Key recommendations
- The recommended first-line two-drug regimen is co-formulated tenofovir disoproxil and emtricitabine.
- There is no evidence to support the greater efficacy of three- over two-drug regimens, although we continue to recommend three-drug regimens in certain situations based on evidence that a higher number of drugs or combination of drug classes has historically achieved better treatment outcomes for HIV.

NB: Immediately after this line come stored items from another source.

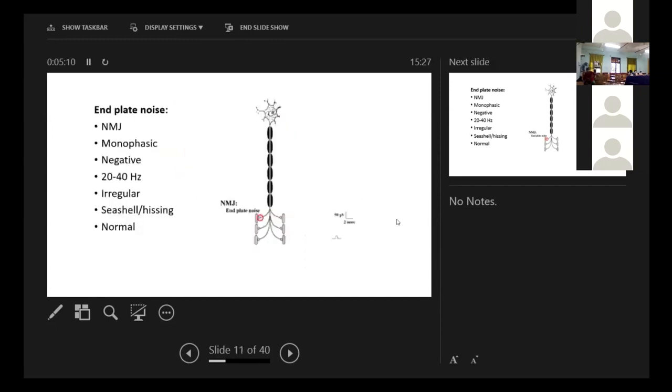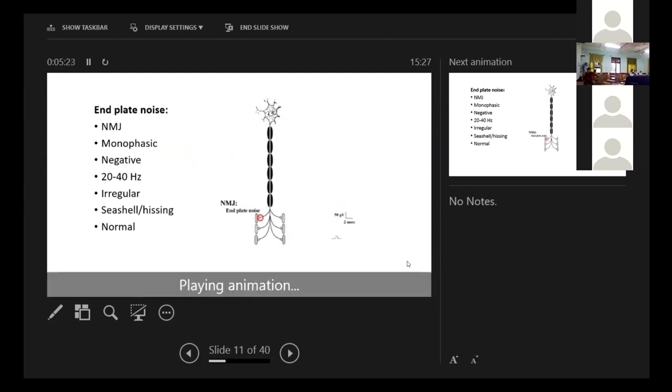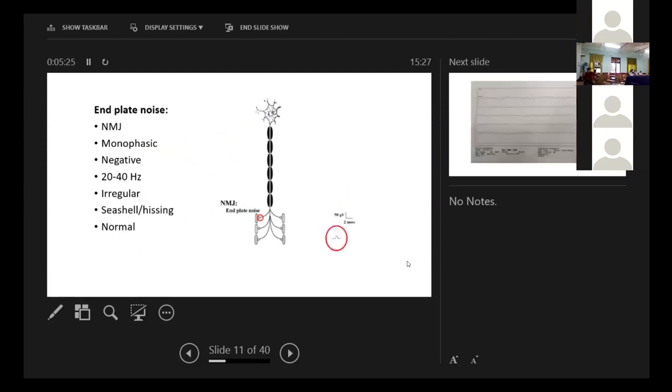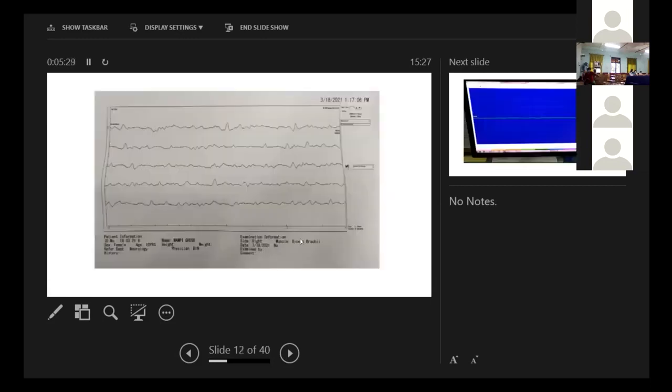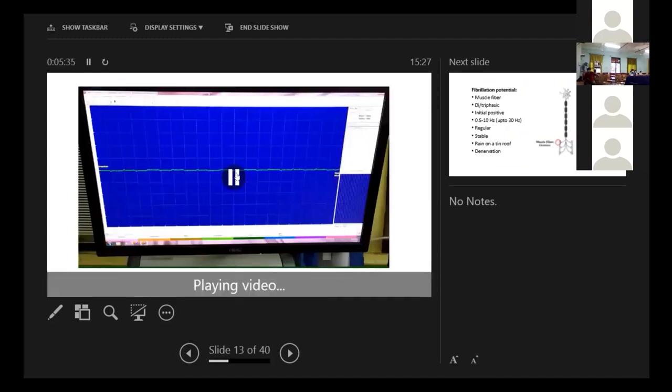These are the types. Suppose there's an end plate noise seen coming from the neuromuscular junction. This is the end plate region from the anatomic location. It will sound like C shell or hissing sound. And it's a normal thing. So this is the kind it will look. This is the tracing how it will look. And on the monitor, how will we see that? We will see a tracing going on.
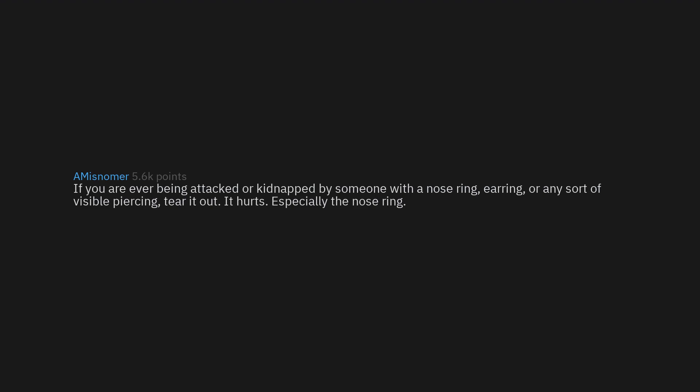If you are ever being attacked or kidnapped by someone with a nose ring, earring, or any sort of visible piercing, tear it out. It hurts. Especially the nose ring.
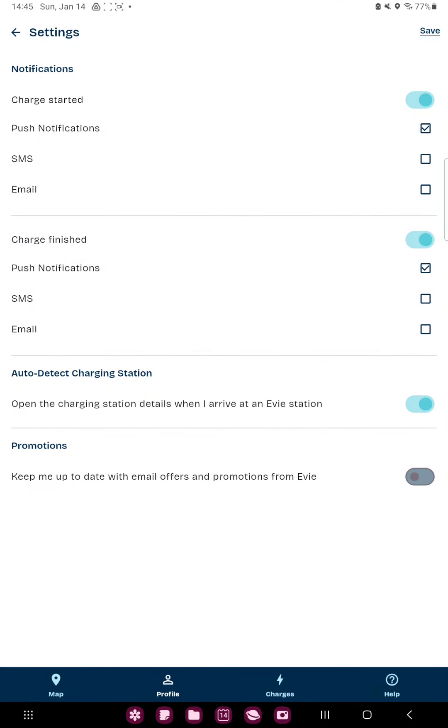And in the first section, under the charge started, you can find three options.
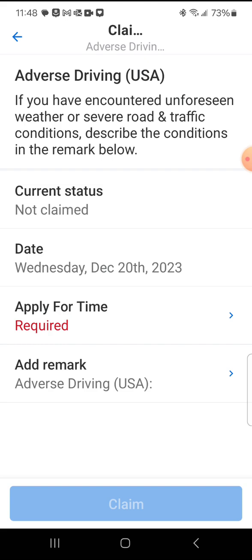Once you come upon an accident that's going to delay you, or once you see that weather is going to cause you to run into a problem, that's when you would claim it. Once you're through the adverse condition, you need to unclaim it and figure out how much time you've used — that's the amount of time you can use for your adverse day. For example, if the delay was 45 minutes for a traffic accident, you'd be able to add 45 minutes: so 14 hours and 45 minutes of shift, and 11 hours and 45 minutes of drive.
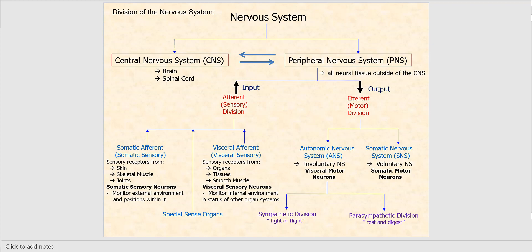This is a diagram that divides the nervous system — I really need you to memorize this diagram because it will serve you well for the rest of this semester and next semester as well. The nervous system is broken into two parts: the central nervous system (CNS), which consists of the brain and the spinal cord, and the peripheral nervous system (PNS), which is all nervous tissue outside of the brain and the spinal cord. The arrows indicate the direction of information flow — the PNS sends information afferently to the brain and spinal cord, and the brain and spinal cord send motor output back out.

- Where a third drug is recommended, either dolutegravir or raltegravir can be used.
- In renal impairment, dosing adjustment of drugs may be necessary (Figure 1).
- No dose adjustment is necessary for any recommended PEP drugs in hepatic impairment.
The recommended first-line two-drug regimen is co-formulated tenofovir disoproxil and emtricitabine because it is:
- now available in affordable, generic forms,
- available on private script if not dispensed from hospital or specialist clinic
- well tolerated
- one-tablet daily
- has good anogenital tissue penetration.51
There is no direct nor compelling indirect evidence to support the greater efficacy of three- over two-drug regimens; rather, it has been extrapolated from evidence that a higher number of drugs and combination of drug classes has historically achieved better treatment outcomes for HIV. A summary of the evidence for three-drug versus two-drug PEP is provided in Appendix B.
Where a third drug is recommended, either dolutegravir or raltegravir can be used. Comparison of their characteristics is shown in Table 3.
Table 3. Characteristics of dolutegravir versus raltegravir when used as the third agent for HIV PEP52
Dolutegavir | Raltegravir | |
---|---|---|
Cost per 28-day course (Appendix C) | $630 | $570 |
Pill burden | 1 X 50 mg taken once per day | 2 X 600 mg taken once per day |
Shelf-life | 5 years | 2 years |
Anogenital tissue penetration53 | Generally poorera | Generally bettera |
Pregnancy category | B3 | B3 |
Pregnancy dosage54 | 1 X 50mg taken ONCE per day | 1 X 400mg taken TWICE per day |
Food restrictions54 | None | None |
Crush/dissolve | Yes | Yes |
Adverse events (AEs)27,28,55-57 | Generally mild | Generally mild |
Prevalence of AEs27,28,55-57 | Similar | Similar |
NOTE: reported in-vivo differences in anogenital tissue penetration between drugs have not resulted in any clinically significant differences in studies of treatment as prevention, so it is assumed their efficacy would be comparable for PEP
STANDARD REGIMEN Two-drug regimen: Tenofovir disoproxil* /emtricitabine 200 mg 1 tablet orally daily Three-drug regimen: above two-drug regimen PLUS Dolutegravir 50 mg 1 tablet orally daily OR (alternative) Raltegravir 1200 mg (2 X 600 mg tablets orally daily) ALTERNATIVE REGIMEN IN RENAL IMPAIRMENT^ If eGFR < 30 mL/min: seek specialist HIV and renal advice immediately If eGFR = 30-49 mL/min: use the following dosages58 |
Tenofovir disoproxil one tablet orally every 48 hours PLUS Emtricitabine one tablet orally every 48 hours OR lamivudine 150 mg orally daily PLUS (if three-drug PEP indicated) Dolutegravir 50 mg orally daily OR raltegravir 1200 mg orally daily |
NO DOSE ADJUSTMENTS NECESSARY FOR ANY RECOMMENDED REGIMENS IN HEPATIC IMPAIRMENT58 |
* There are four salts of tenofovir disoproxil available with slightly different dosages in combination with emtricitabine which are considered bioequivalent: maleate, phosphate, fumarate and succinate
^eGFR: estimated glomerular filtration rate
eGFR is recommended to be calculated by Cockcroft Gault equation :58 Creatinine Clearance Calculator
^ alternative dosing with emtricitabine oral solution or tenofovir disoproxil granules may be used where available; for dosage guide refer to: Liverpool HIV Drug Interactions checker website.